··· Data supplied
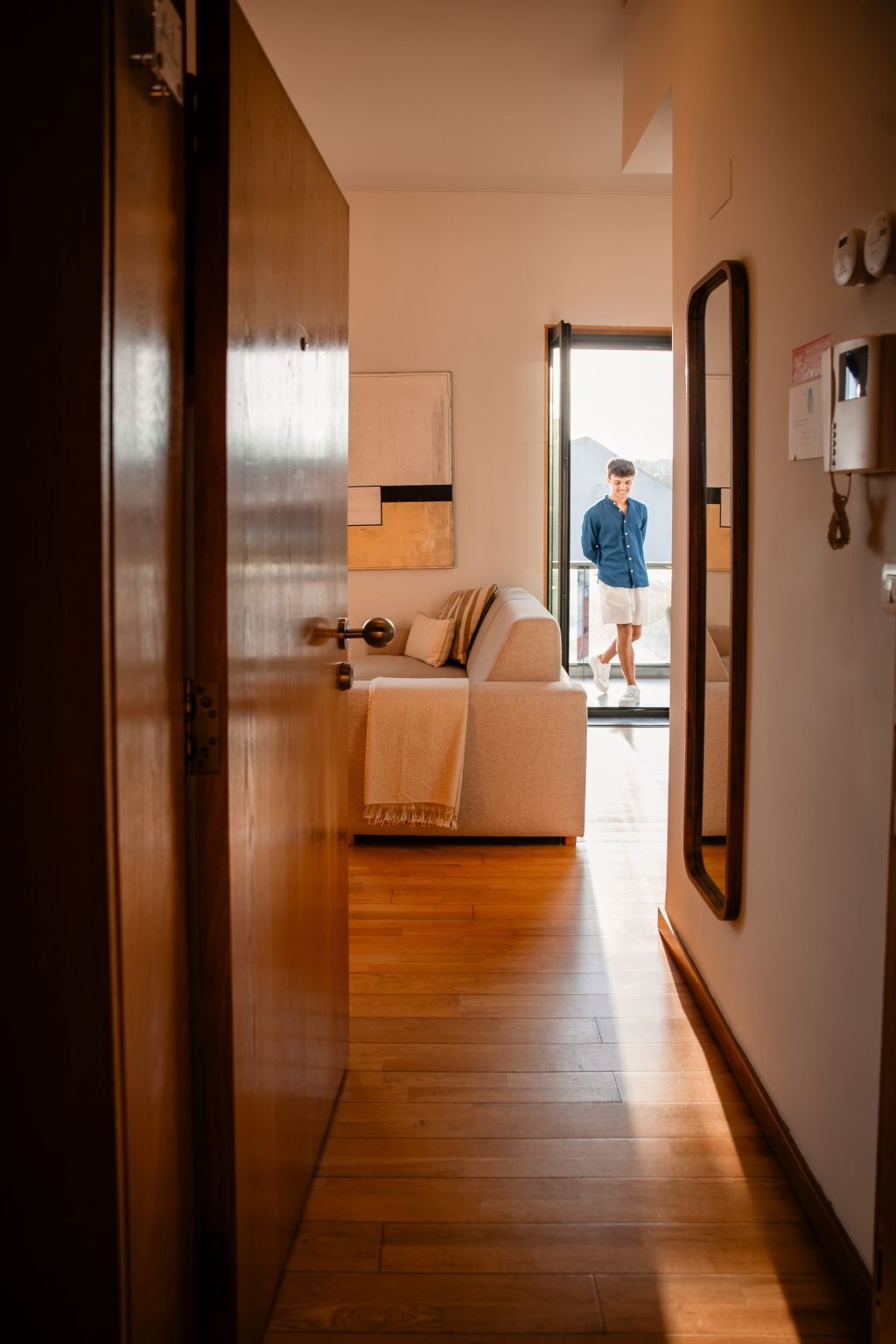Appartement moderne Ajuda avec balcon vue Tage - Photo 26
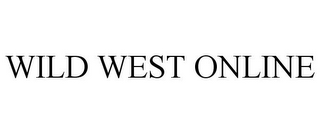 WILD WEST ONLINE
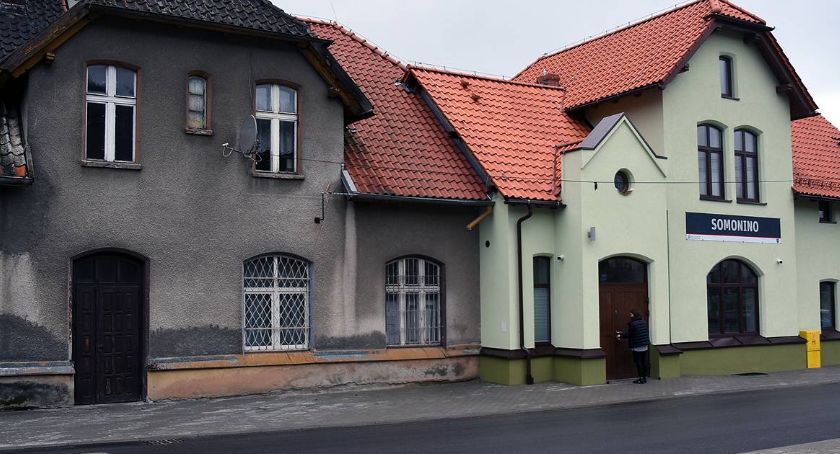 Rusza modernizacja drugiej części budynku dworca w Somoninie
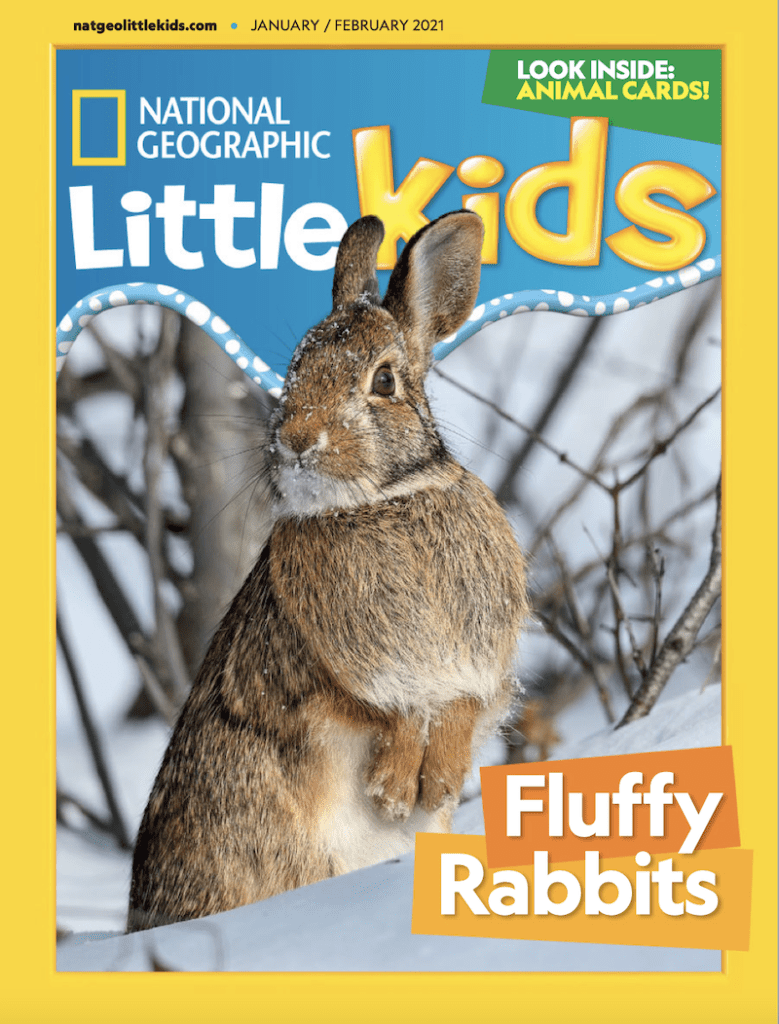 National Geographic Little Kids-2021-01 & 02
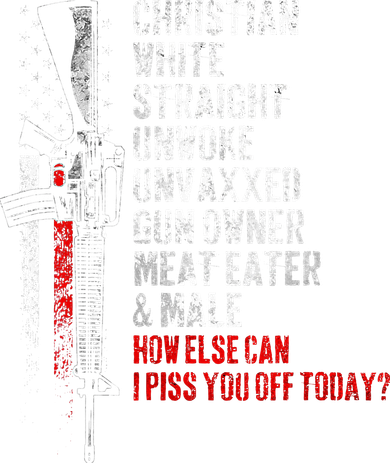 Christian White Straight Unwoke Unvaxxed Gun Owner 11oz C Handle Ceramic Mug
······
What you have to do: A verbatim copy of the listing is required, with all pictures left out.

Response:
Appartement moderne Ajuda avec balcon vue Tage - Photo 26
 WILD WEST ONLINE
 Rusza modernizacja drugiej części budynku dworca w Somoninie
 National Geographic Little Kids-2021-01 & 02
 Christian White Straight Unwoke Unvaxxed Gun Owner 11oz C Handle Ceramic Mug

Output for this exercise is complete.